## The problem
How many of the lines below hold the string "Wall"? Say only the number.
== Given records
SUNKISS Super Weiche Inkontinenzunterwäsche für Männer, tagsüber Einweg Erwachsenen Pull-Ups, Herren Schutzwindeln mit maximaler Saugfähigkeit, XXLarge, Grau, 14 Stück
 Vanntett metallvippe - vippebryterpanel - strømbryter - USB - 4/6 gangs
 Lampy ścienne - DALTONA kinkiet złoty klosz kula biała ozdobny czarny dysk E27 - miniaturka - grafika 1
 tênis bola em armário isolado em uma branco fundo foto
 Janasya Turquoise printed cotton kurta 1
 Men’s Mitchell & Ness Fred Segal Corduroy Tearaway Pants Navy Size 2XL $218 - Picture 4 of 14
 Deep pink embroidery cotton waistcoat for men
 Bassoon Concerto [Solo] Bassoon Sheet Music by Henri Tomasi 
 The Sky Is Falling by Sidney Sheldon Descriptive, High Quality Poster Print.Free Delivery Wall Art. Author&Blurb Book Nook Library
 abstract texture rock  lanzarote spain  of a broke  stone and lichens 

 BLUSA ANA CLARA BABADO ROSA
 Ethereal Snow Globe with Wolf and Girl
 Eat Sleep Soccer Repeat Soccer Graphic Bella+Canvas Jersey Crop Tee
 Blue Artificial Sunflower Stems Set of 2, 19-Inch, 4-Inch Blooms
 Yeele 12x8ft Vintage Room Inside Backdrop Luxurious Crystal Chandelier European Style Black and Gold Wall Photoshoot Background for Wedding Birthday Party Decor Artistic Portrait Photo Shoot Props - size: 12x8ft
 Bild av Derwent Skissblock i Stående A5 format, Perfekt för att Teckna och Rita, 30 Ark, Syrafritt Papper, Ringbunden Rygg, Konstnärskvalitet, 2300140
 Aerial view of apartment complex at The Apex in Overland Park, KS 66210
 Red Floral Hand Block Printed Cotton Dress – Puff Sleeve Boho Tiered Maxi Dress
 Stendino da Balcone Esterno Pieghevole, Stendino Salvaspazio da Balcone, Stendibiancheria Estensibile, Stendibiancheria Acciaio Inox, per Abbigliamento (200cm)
====
## Solution to this task
2